Top of Given information

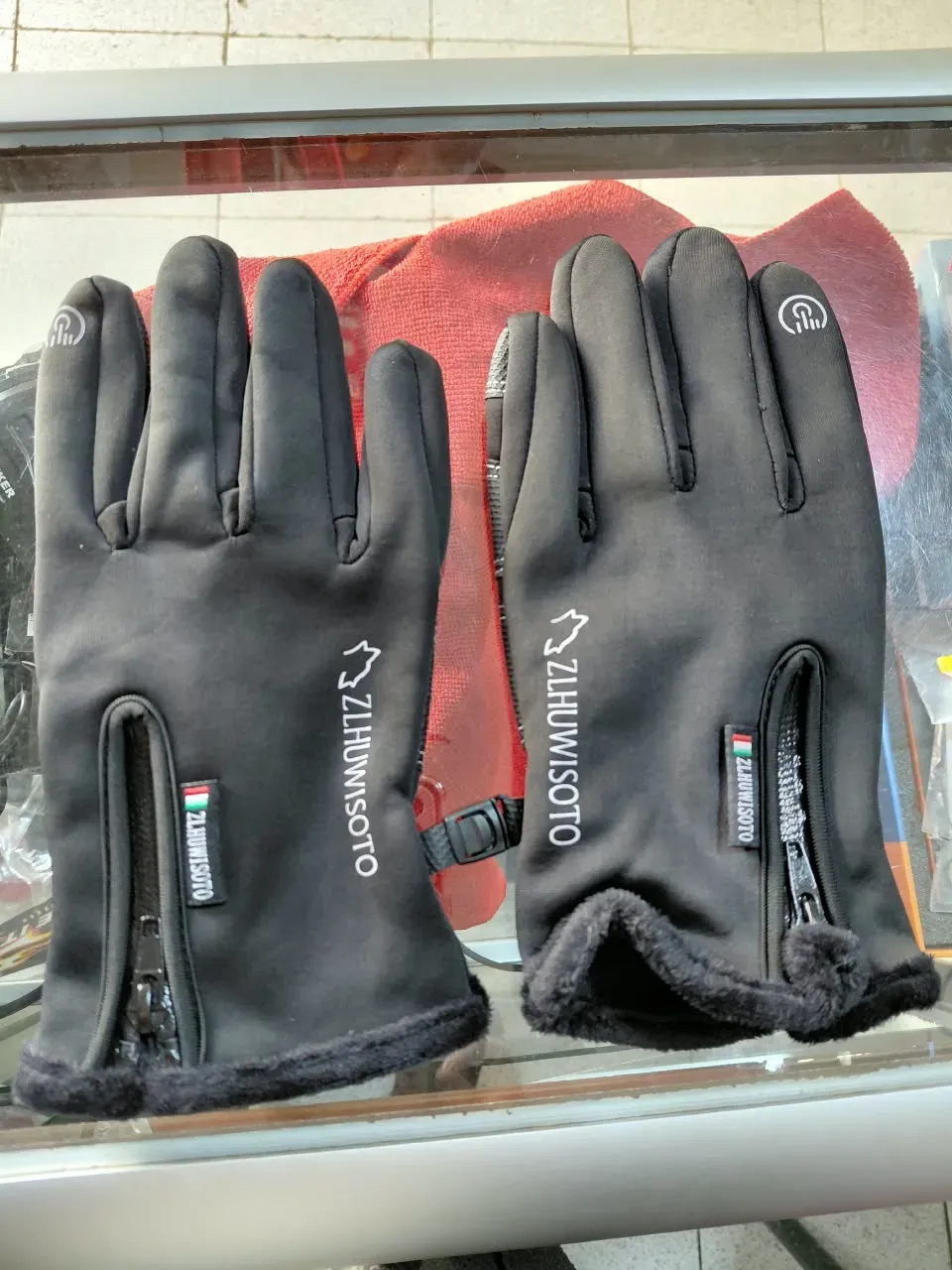 GUANTE TERMICO IMPERMEABLE M2 T/M NEGRO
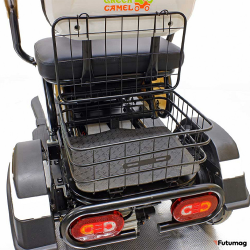 Трицикл GreenCamel Фродо X7 (60V 500W R8) дифференциал синий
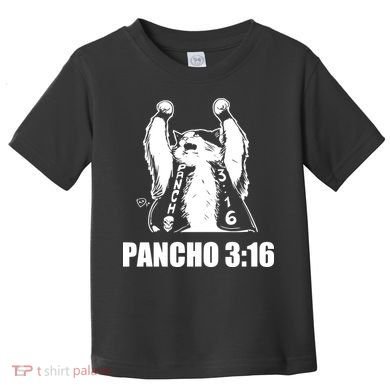 Todd Ferguson Pancho 3 16 Toddler T-Shirt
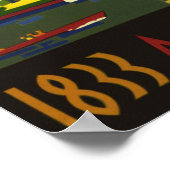 Chicago world's fair poster (Hoek)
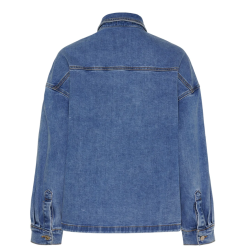Marta Du Château Milja Jacket Blue Denim
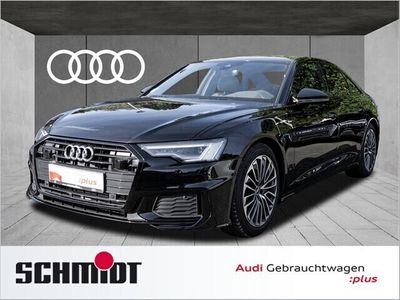 gebraucht Audi A6 55 TFSI e quattro S line ACC AHK Leder Navi+ Businessp. Standklima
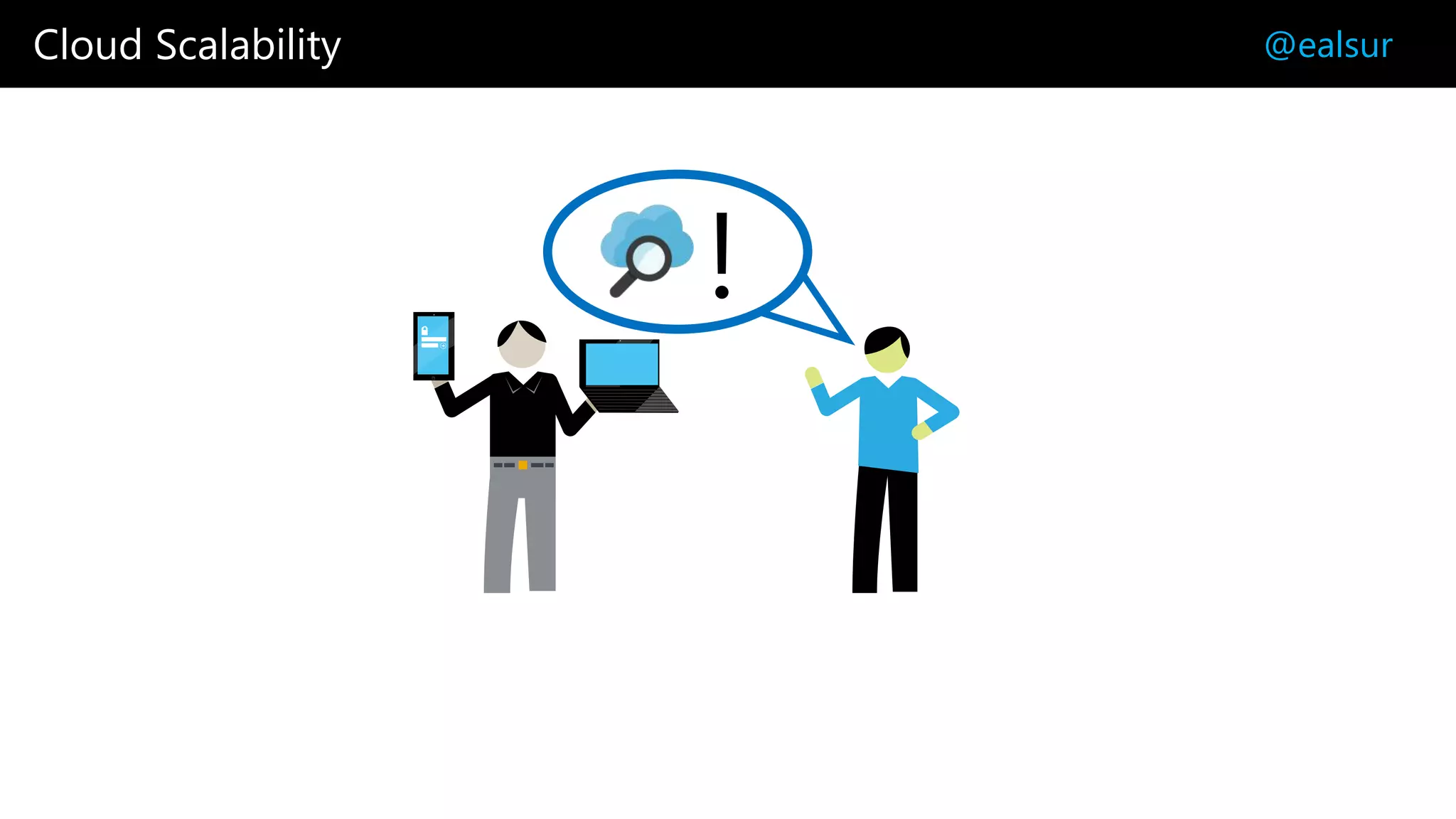 Cloud Scalability @ealsur
!
 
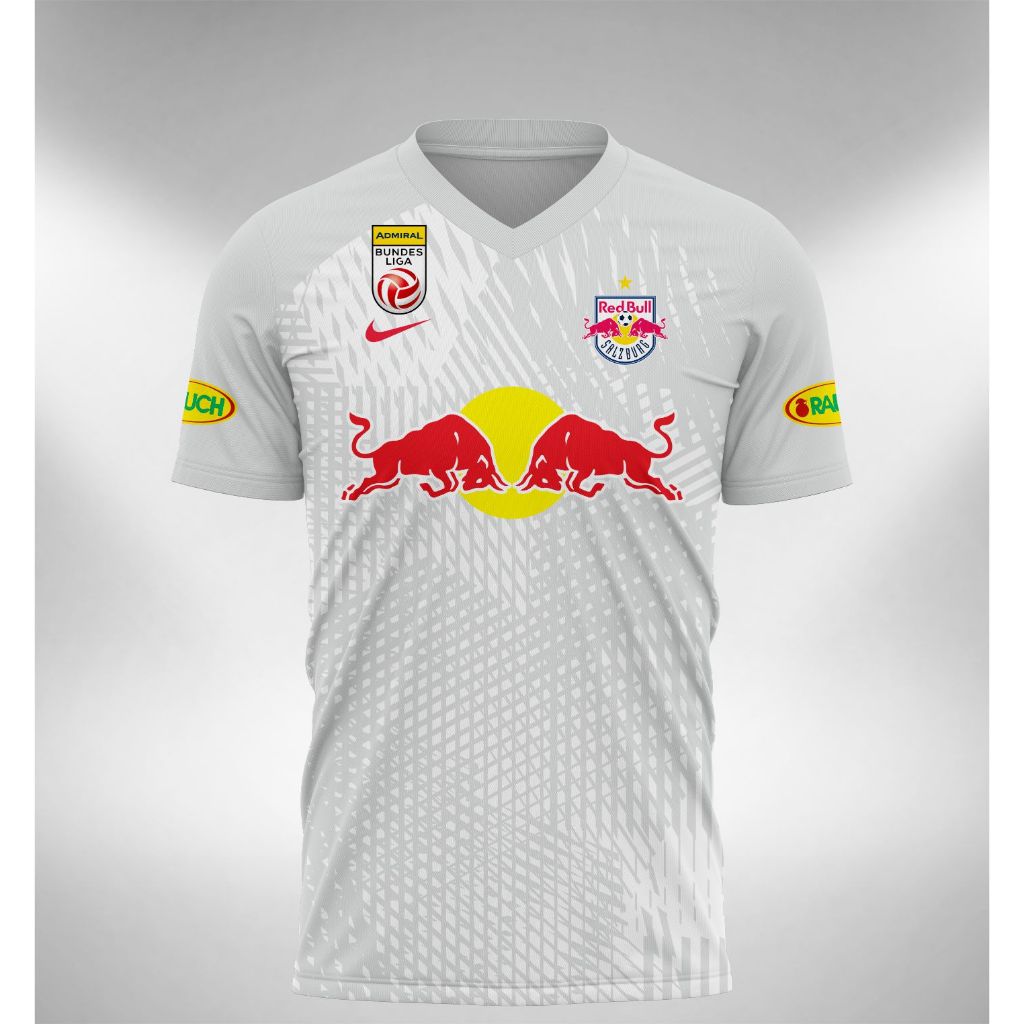 Jual Jersey Red Bull Salzburg Home Shopee Indonesia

Bottom of Given information

▶ _Exercise_: Letter for letter, reproduce every record above and skip the pictures.

▶ _Solved exercise_:
 GUANTE TERMICO IMPERMEABLE M2 T/M NEGRO
 Трицикл GreenCamel Фродо X7 (60V 500W R8) дифференциал синий
 Todd Ferguson Pancho 3 16 Toddler T-Shirt
 Chicago world's fair poster (Hoek)
Marta Du Château Milja Jacket Blue Denim
 gebraucht Audi A6 55 TFSI e quattro S line ACC AHK Leder Navi+ Businessp. Standklima
 Cloud Scalability @ealsur
!
 
 Jual Jersey Red Bull Salzburg Home Shopee Indonesia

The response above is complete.